Higher supply costs trim margin for Hood River Electric Co-op members

By Stu Watson

Members Dave Waller, left, and Ken Tatyrek enjoy plates of apple pie and ice cream after Hood River Electric’s 70th annual meeting.
Members Dave Waller, left, and Ken Tatyrek enjoy plates of apple pie and ice cream after Hood River Electric’s 70th annual meeting.

According to one person among the many attending Hood River Electric Co-op’s 70th annual meeting, there were two main reasons most people show up.

No, it wasn’t the audit and legal reports. It was the prizes and the pie.

“That’s about what most people come for—the raffle and the pie,” member Ken Tatyrek said with a smile.
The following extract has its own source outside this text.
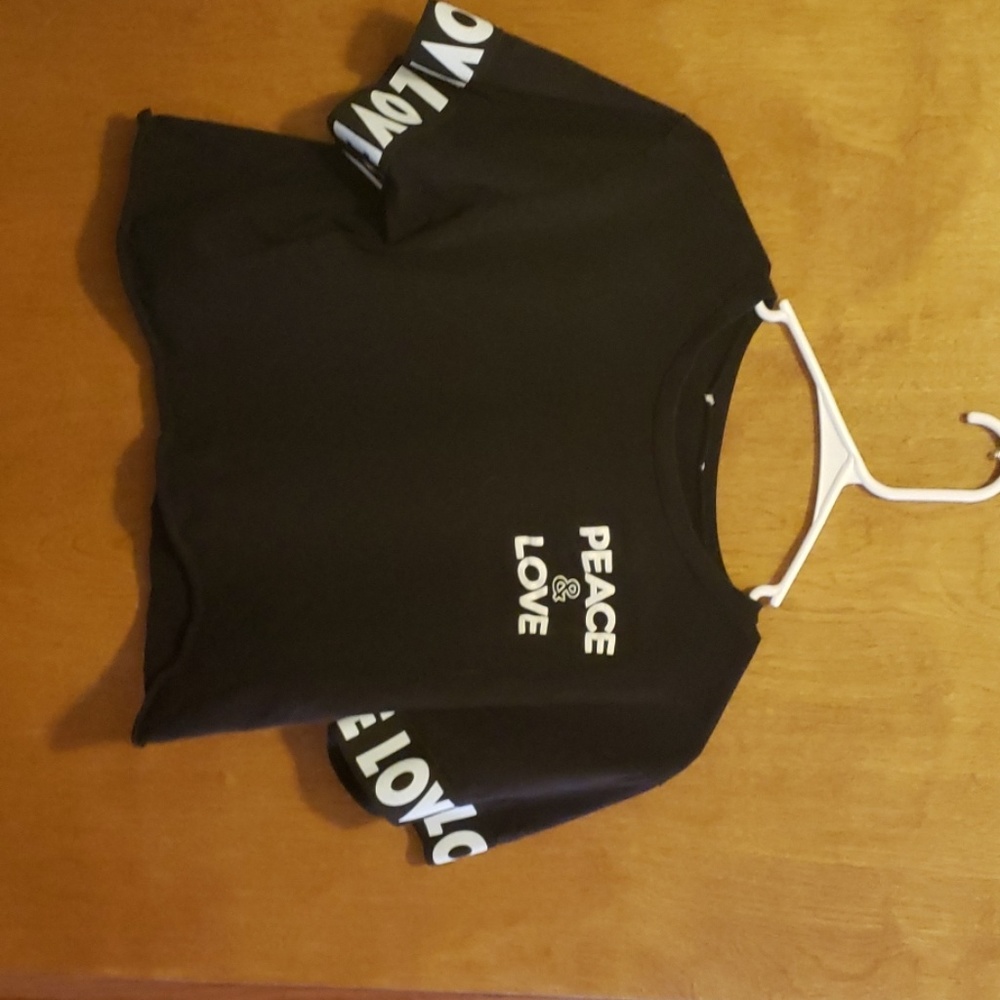 peace and love black crop top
There was plenty of each. As one might expect, many of the prizes came with a plug or a battery.

The pies were crafted mainly with local fruit. HREC Board President Butch Gehrig was happy to dress each piece carved from 44 pies baked by the women of the Parkdale Grange with a scoop of vanilla ice cream.

The event featured a few other milestones. Longtime attorney Meredith Van Valkenburgh told the room this would be his last meeting.
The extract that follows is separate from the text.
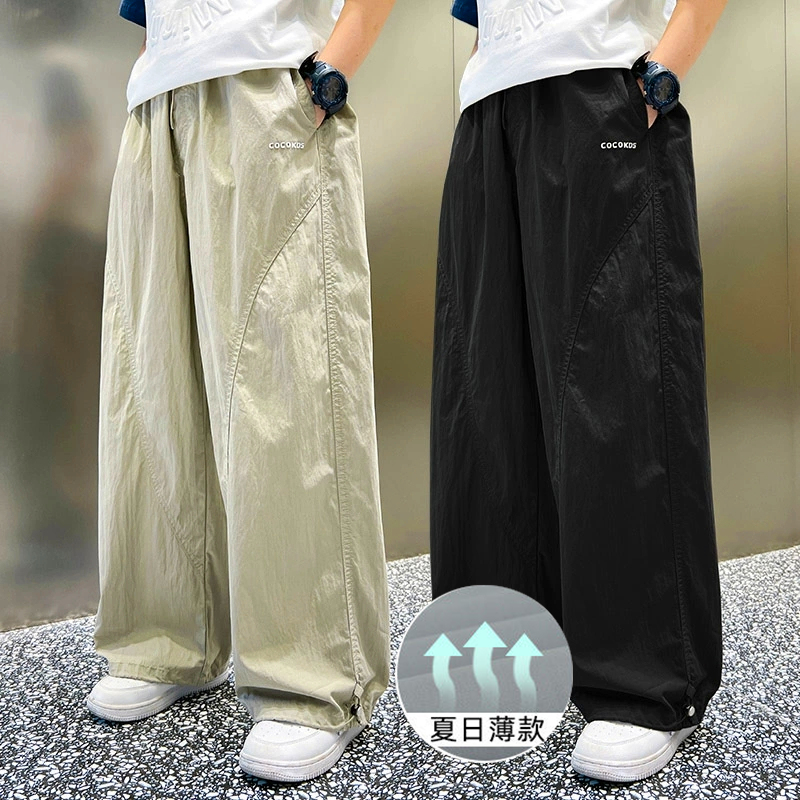 男童薄款工装裤子2025新款夏季儿童速干直筒裤中大童夏装男孩长裤 - 图0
He said co-op manager John Gerstenberger “keeps us out of legal problems. There’s not much for me to do.”

Van Valkenburgh said he was not enjoying the aging process, but assisted by attorney James Habberstad, was able to continue some duties.
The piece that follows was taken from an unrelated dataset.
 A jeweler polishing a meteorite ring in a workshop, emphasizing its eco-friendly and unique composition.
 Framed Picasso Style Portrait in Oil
“It has been a real privilege to represent you,” Van Valkenburgh said, to a standing round of applause.

Following an audit report by Nate Reagan of the accounting firm Friend & Reagan—he said the co-op was operating “lean and clean”—Gerstenberger brought patrons up to speed on operations and the road ahead.

He said anticipated Bonneville Power Administration price bumps of 6.4 percent for power and 1.5 percent for transmission would boost expenses by $270,000 a year.

As a result, he said year-end margins would whittle back to about $400,000— the lowest value in about 10 years— after dipping from $887,923 in 2014 to $608,725 in 2015.

Gerstenberger said he might need to recommend a rate adjustment if expenses track higher than revenues during the next year. In the past year, revenue from large commercial customers jumped 2.9 percent, while residential use dropped by 3.3 percent.

Gerstenberger attributed that shift to the warm winter of 2014-15 and the high temperatures during the summer of 2015, which accelerated harvest times and created greater demand for storage cooling.

Longtime HREC counsel Meredith Van Valkenburgh tells members of his plans to retire. Board President Butch Gehrig sits to his left.
Longtime HREC counsel Meredith Van Valkenburgh tells members of his plans to retire. Board President Butch Gehrig sits to his left.

Gerstenberger applauded Rep. Mark Johnson (R-Hood River), and Sen. Chuck Thomson (R-Hood River) for helping push through legislation that blunted a proposed initiative forcing utilities statewide to quickly shift away from power generated by coal-fired plants.

“It didn’t make sense to include us in a carbon reduction bill when we are 95 percent carbon free,” he said.

Gerstenberger also shared positive news about HREC’s affiliated Internet service partners, the Communications Access Cooperative and the regional LS Networks. He said that after 10 years in operation, CACHE serves 1,800 customers with revenues last year of more than $1 million.

Because CACHE and HREC share some personnel, Gerstenberger noted CACHE reimbursed HREC about $375,000 in staffing costs last year.

Without divulging details, Gerstenberger told attendees several active business initiatives will benefit both companies.

In board elections, members Patrick Moore, John McGhee and Doug Mahurin ran unopposed to serve again.

Gerstenberger noted the retirement of Chuck Weseman after 36 years on the job. Clinton Curtis, with 25 years of time under his belt, ably stepped into the role as operations manager. Dave Porter takes over for Curtis as crew foreman.

HREC members Carole and Kevin Doherty reminisce about Kevin’s work as a millwright.
HREC members Carole and Kevin Doherty reminisce about Kevin’s work as a millwright.

As members dispersed and headed to the pie tables, first-time attendees Kevin and Carole Doherty reflected a bit on Kevin’s years of work helping put power in the lines.

Before retirement, Doherty worked for three years as a millwright on generator turbines at the John Day Dam. He did similar work for Portland General Electric and the Northwest Aluminum plant in The Dalles.

He shared a chuckle later with Gerstenberger about people who claim to use only green power.

No matter the source, they agreed that once that juice is in the grid, it is all just electricity to the end user.

As many at the annual meeting would agree, a pie baked with green power tastes just as good as one baked with the old-fashioned variety.